University of Virginia Library

鷄合 壇浦合戰

さる程に、九郎大夫判官義經周防の地に押渡て、兄の參河守と一に成る。平家は長門國ひく島にぞつきにける。源氏阿波國勝浦に著て八島の軍に打勝ぬ。平家引島に著と聞えしかば、源氏は同國の内、追津に著こそ不思議なれ。

熊野別當湛増は、平家重恩の身なりしが、忽に其恩を忘れて「平家へや參るべき、源氏へや參るべき。」とて、田邊の新熊野にて御神樂奏して、權現に祈誓し奉る。「唯白旗につけ。」と御託宣有けるを、猶疑なして白い鷄七、赤き鷄七、是を以て權現の御前にて勝負をせさす。赤き鷄一つも勝たず皆負てけり。さてこそ源氏へ參らんと思定めけれ。一門の者共相催し、都合其勢二千餘人、二百餘艘の船に乘り連て、若王子の御正體を船に乘參せ、旗の横上には、金剛童子を書奉て、壇浦へ寄するを見て、源氏も平家も共にをがむ。されども源氏の方へ附ければ、平家興覺てぞ思はれける。又伊豫國の住人、河野四郎通信、百五十艘の兵船に乘連て漕來り、源氏と一つに成にけり。判官旁憑しう力ついてぞ思はれける。源氏の船は三千艘、平家の船は千餘艘、唐船少々相交れり。
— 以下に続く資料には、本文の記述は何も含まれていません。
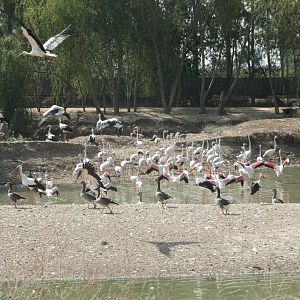 Canada de los Pájaros - parque de aves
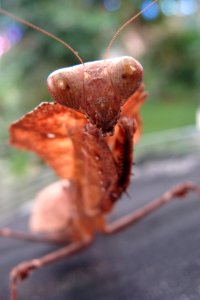 Mantis, Forest, Insect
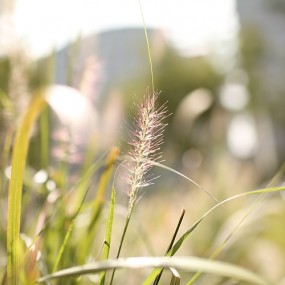 马路边的毛毛狗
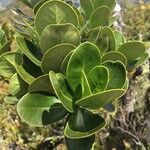 Clusia mangle Hoja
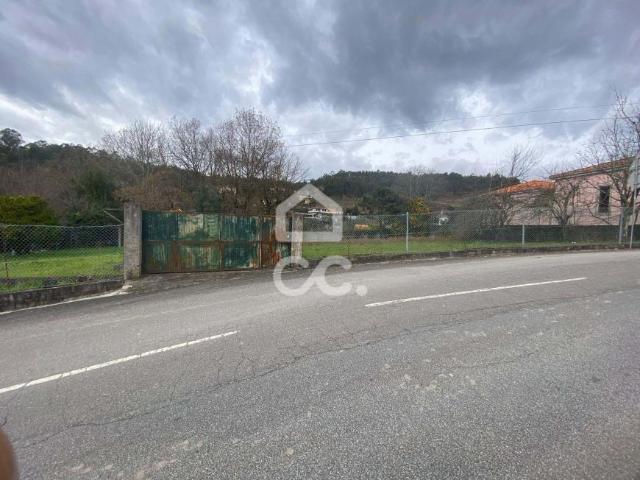 Guimarães Braga 98065470
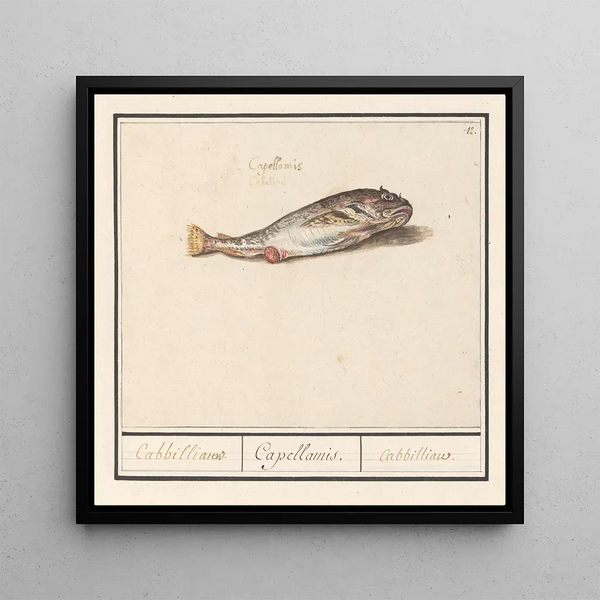 Cod Gadus morhua, Cabbilliauw, Capellamis, Cabbilliau - Anselmus Botius de Boodt — framed artwork on a wall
源氏の勢は重れば、平家の勢は落ぞ行く。

元歴二年三月廿四日卯刻に、豐前の國の門司赤間關にて、源平矢合とぞ定めける。其日判官と梶原と既に同志軍せんとする事あり。梶原、判官に申けるは「今日の先陣をば、景時にたび候へ。」判官、「義經がなくばこそ。」と宣へば、「大將軍にてこそ在々候へ。」と申ければ、判官、「思ひも寄らず、鎌倉殿こそ大將軍よ。義經は奉行を承たる身なれば、唯殿原と同事ぞ。」と宣へば。梶原、先陣を所望しかねて、「天性此殿は侍の主には成り難し。」とぞつぶやきける。判官、是を聞き「日本一の嗚呼の者哉。」とて、太刀の柄に手をかけ給ふ。梶原「鎌倉殿より外に主を持ぬ者を。」とて、是も太刀の柄に手を懸けり。さる程に嫡子の源太景季、次男平次景高、同三郎景家、父と一所に寄合うたり。判官の氣色を見て、奧州佐藤四郎兵衞忠信、伊勢三郎義盛、源八廣綱、江田源三、熊井太郎、武藏坊辨慶など云ふ一人當千の兵共、梶原を中に取籠て、我討とらんとぞ進ける。されども判官には三浦介取附き奉り、梶原には土肥次郎つかみつき、兩人手を摺て申けるは、「是程の大事を前にかゝへながら、同士軍候はゞ平家力附候なんず。就中、鎌倉殿の還り聞せ給はん處こそ穩便ならず候へ。」と申せば、判官靜まり給ひぬ。梶原進に及ばず。其よりして、梶原、判官を憎みそめて終に讒言して失ひけるとぞ、後には聞えし。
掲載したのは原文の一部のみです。